Design scheduled payments and cancellation
Company: Coinbase
Role: Software Engineer
Category: System Design
Difficulty: hard
Interview Round: Take-home Project
##### Question
Design a **scheduled payments service** for Coinbase that lets users create, list, update, execute, and cancel future-dated payments — both one-time and recurring. Because this is a crypto exchange, a "payment" is a transfer of funds between accounts (or to an external crypto address / fiat off-ramp) recorded in a ledger, not a card charge. The system must execute payments at the correct moment across time zones and DST, guarantee correctness (idempotency, exactly-once ledger effects), and stay durable through retries, partial failures, race conditions, and downstream outages.
Address the following:
1. **APIs.** Specify REST and gRPC endpoints for create / get / list / update / cancel, including idempotency keys, authentication/authorization, and request validation.
2. **Data model & storage schema.** Tables for schedules, payment instances/attempts, ledger references, idempotency records, and audit logs; choose appropriate indexes and a partitioning strategy.
3. **Scheduler architecture.** Propose a durable job-orchestration design (e.g., DB time-indexed buckets, transactional outbox, distributed delayed queue / Redis ZSET) that finds due payments and dispatches them reliably.
4. **Recurrence, time zones & DST.** Support one-time and recurring schedules (e.g., RFC 5545 RRULEs or presets). Store IANA time zones, compute next-run in UTC, and define behavior for non-existent (spring-forward) and ambiguous (fall-back) local times, plus end-of-month rules.

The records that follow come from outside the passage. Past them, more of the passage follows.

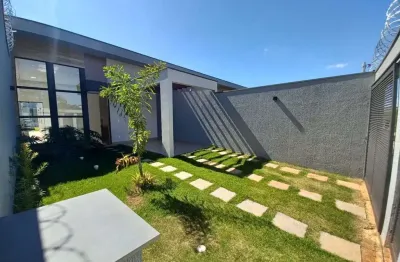 Casa com 3 quartos à venda na Lagoa Mansões, Lagoa Santa 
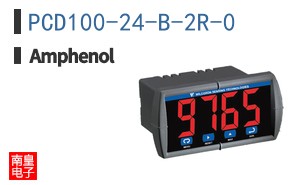 PCD100-24-B-2R-0
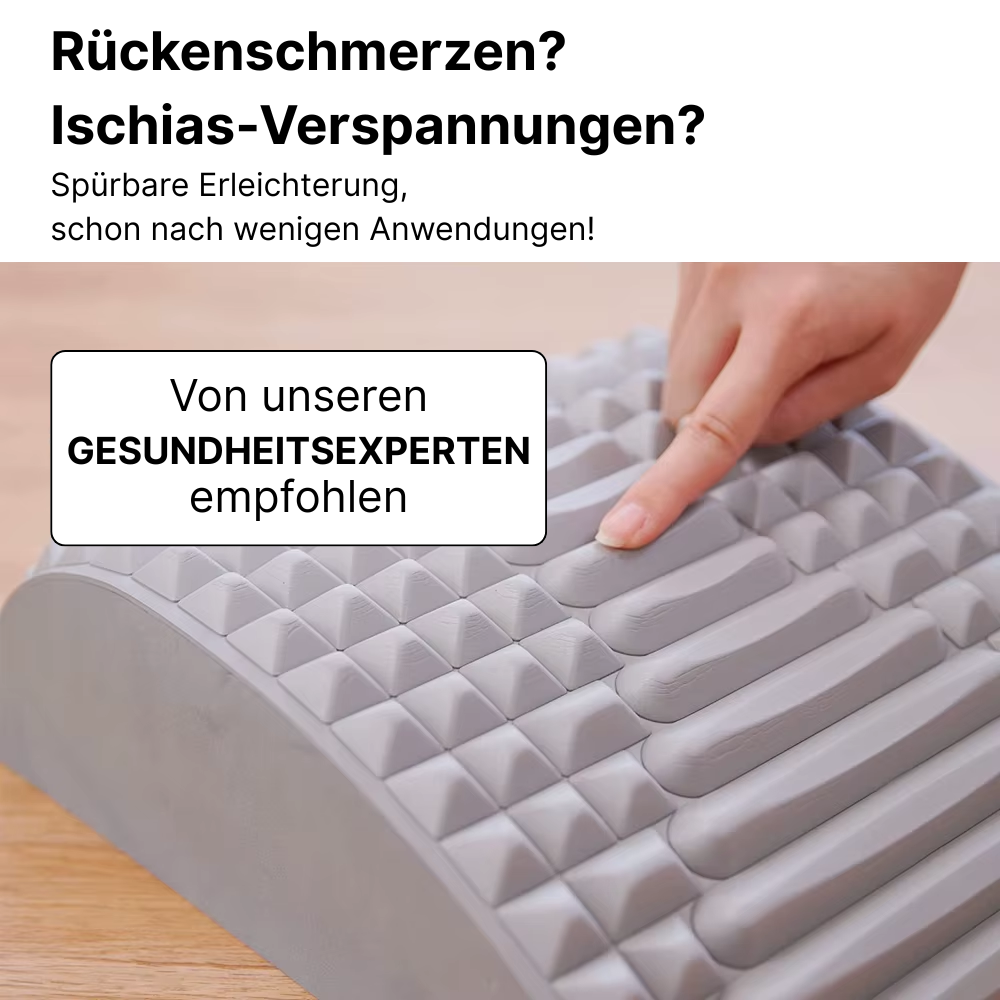 VevoBack™ – Rücken-Relaxer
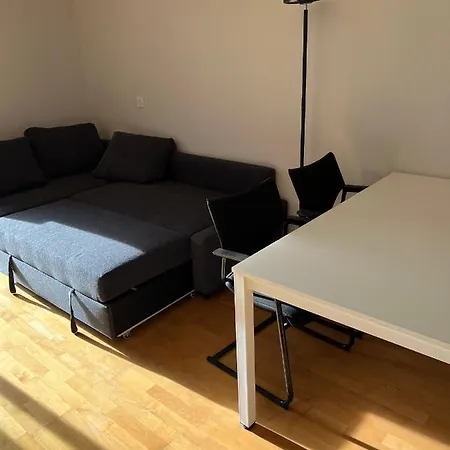 Loft_luminoso_efeso Apartment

5. **Idempotency & exactly-once semantics.** Guarantee a client retry, a duplicate scheduler pickup, an at-least-once queue redelivery, and a timed-out processor call can never produce a double charge or double ledger entry.
6. **Concurrency & race conditions.** Define the state machine and concurrency control (row locks / `SELECT ... FOR UPDATE SKIP LOCKED`, leases, optimistic versioning). In particular, resolve the race between **cancellation and execution**.
7. **Retries, backoff & failure classification.** Distinguish transient vs. permanent errors, apply exponential backoff with jitter, and handle poison messages with a dead-letter queue.
8. **Outages & backfill.** Handle third-party processor / downstream outages (circuit breaking, optional fallback), and backfill missed jobs after the service itself is down, without a thundering herd.
9. **Notifications & webhooks.** Notify users and emit signed, retried, idempotent webhooks for lifecycle events.
10. **Scaling, partitioning, monitoring & alerting.** Cover horizontal scaling, hot-partition smoothing, key metrics/SLOs (e.g., due→executed latency), and alerts.
11. **Security & compliance.** Authz model, secrets/KMS, audit immutability, and compliance considerations appropriate to a financial/crypto platform.
Quick Answer: A Coinbase software-engineering take-home: design a scheduled payments service that creates, lists, updates, executes, and cancels future-dated one-time and recurring transfers with exactly-once ledger correctness. It tests distributed-systems architecture, idempotent REST/gRPC API design, data modeling, concurrency control, DST handling, retries/backoff, outage backfill, and observability. The model answer pins correctness on a single-writer state machine plus an idempotent ledger.